- Written by: Judy Upton
- Produced by: Louis Savy
- Starring: Bella Heesom, Alex Falk, Deborah Bouchard
- Release date: 2007;
- Running time: 59 minutes
- Country: United Kingdom
- Language: English

= My Imprisoned Heart =

My Imprisoned Heart is a short drama-comedy film made in 2007 by the Make Your Mark in Film campaign. The screenplay was written by Judy Upton and stars Bella Heesom (Emma), Alex Falk (Jamie) and Deborah Bouchard (Avril). It was produced in ten five-minute segments.

==Plot==
The plot centres around a young woman named Emma (played By Bella Heesom) who has just split up with her fiance, Jamie (played by Alex Falk), after he cheated on her. Not sure how to cope with the pain and rejection and seeing Jamie with another girlfriend, Emma tricks Jamie into going into an abandoned warehouse filled with his possessions. Once inside, she locks him in indefinitely.

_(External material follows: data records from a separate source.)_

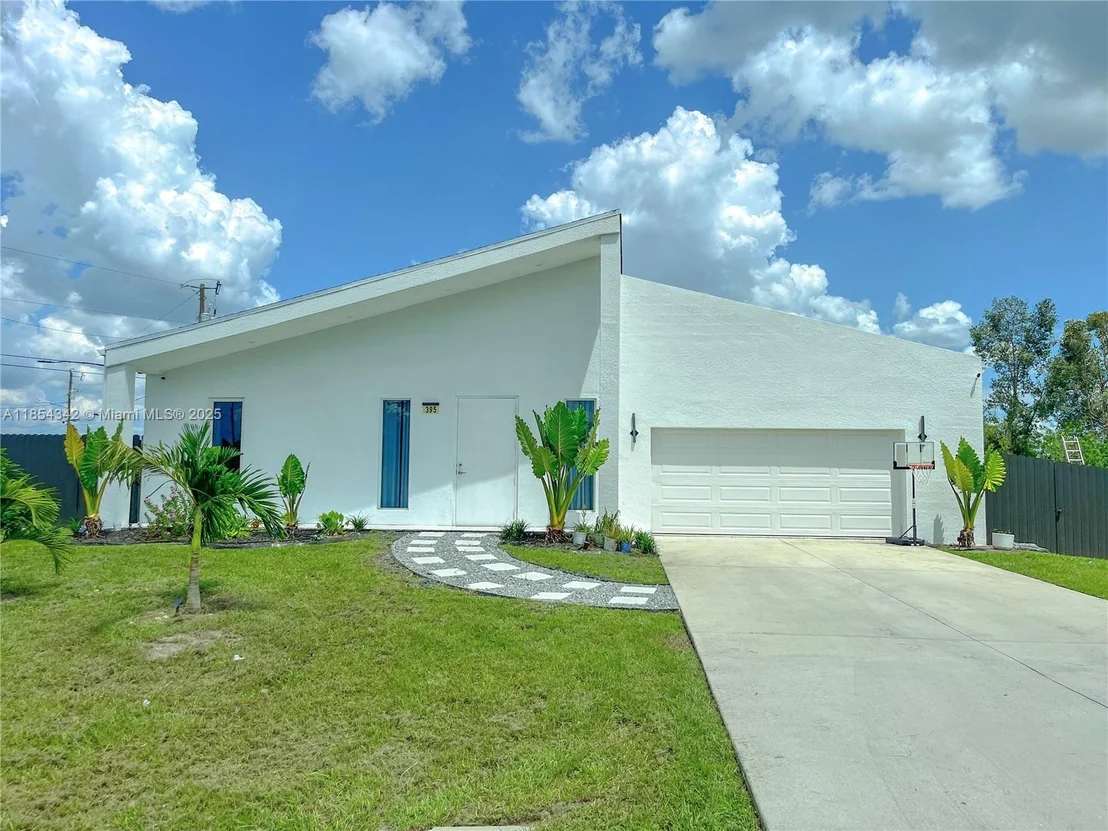 Photo of 395 Pace Avenue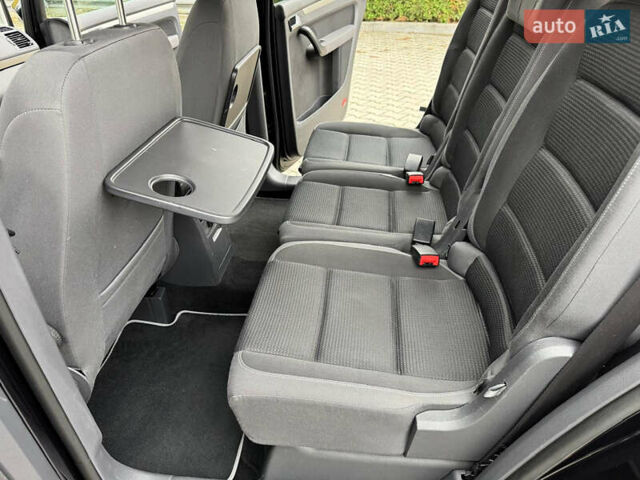 Черный Фольксваген Туран, объемом двигателя 1.4 л и пробегом 190 тыс. км за 7200 $, фото 36 на Automoto.ua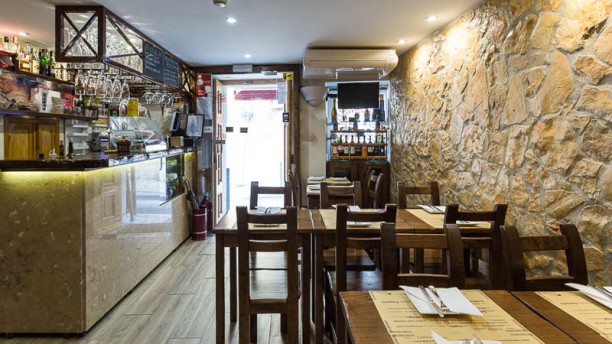 Tasquinha Serrana Vista do interior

Using her expertise as a performance artist, Emma sets up a website and broadcasts Jamie's every move over a webcam to an audience of millions. The new phenomenon sweeps the nation's media; Emma becomes scared, and doesn't know how to end the revenge, which has got out of control. She asks her friend Avril (played by Deborah Bouchard) to help her get some money so they can leave the country. Just as they are about to let Jamie out, he tricks them and locks them back in the warehouse, broadcasting their movements over the internet.

== Release ==
The film premiered at the Edinburgh International Film Festival on August 22, 2007, and was later shown on Propeller TV.